Work item: No pictures belong in the copy. Retype exactly, and only, the stretch of lines below from the one with "Weimaraner Puppies Available" through the one with "POINTE DE LA RIVIERE A GOYAVE".

Exercise input:
....................
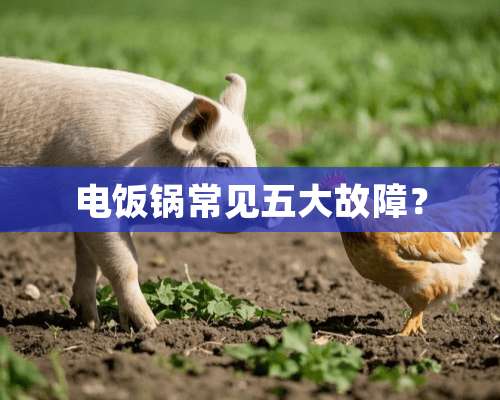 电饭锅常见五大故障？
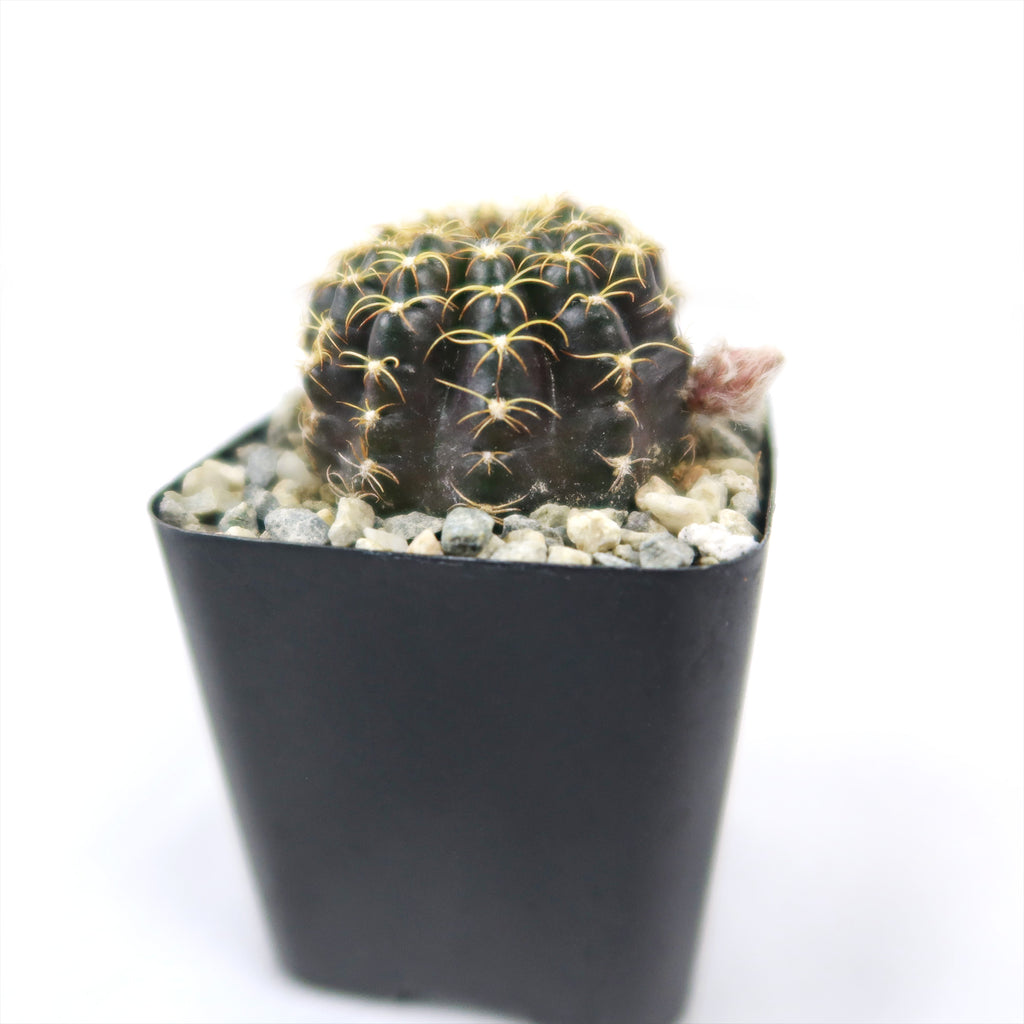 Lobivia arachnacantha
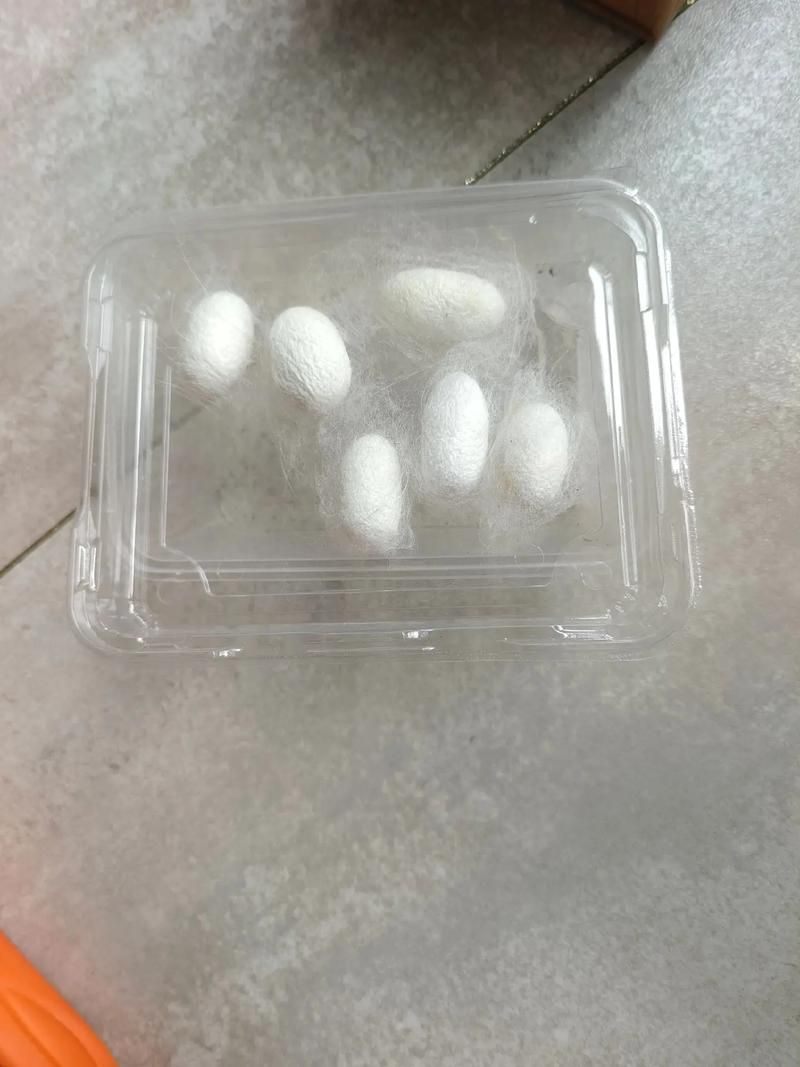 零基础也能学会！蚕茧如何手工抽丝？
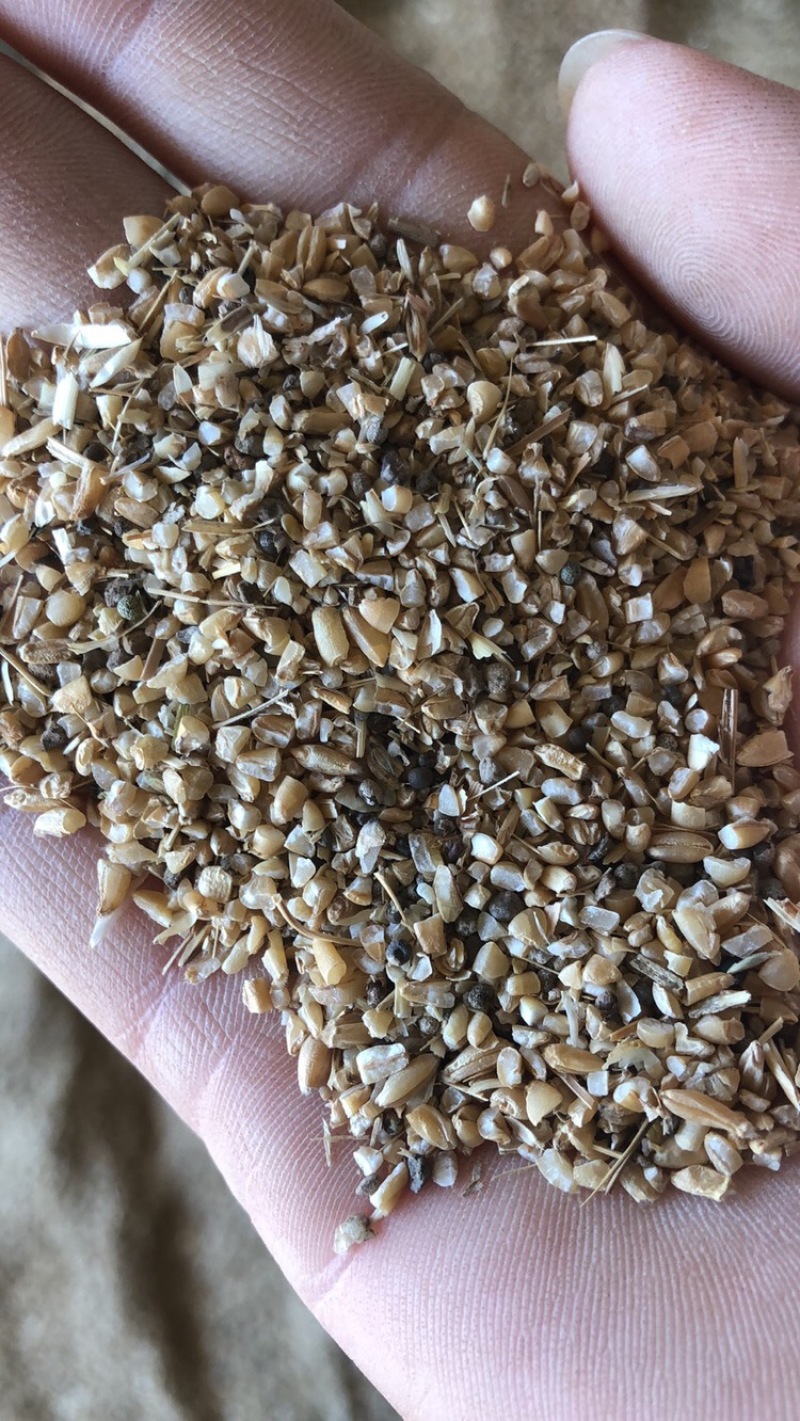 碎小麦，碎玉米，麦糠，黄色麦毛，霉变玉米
....................
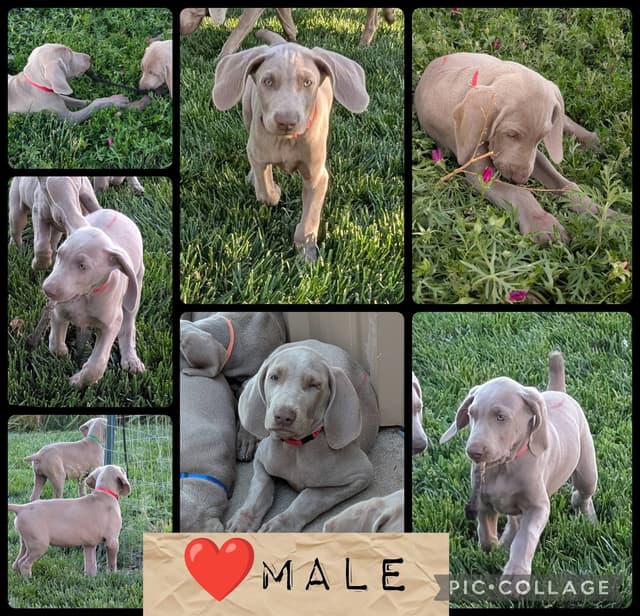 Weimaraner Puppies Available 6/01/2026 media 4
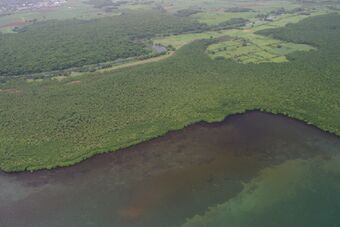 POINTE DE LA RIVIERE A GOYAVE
....................
Written response:
 Weimaraner Puppies Available 6/01/2026 media 4
 POINTE DE LA RIVIERE A GOYAVE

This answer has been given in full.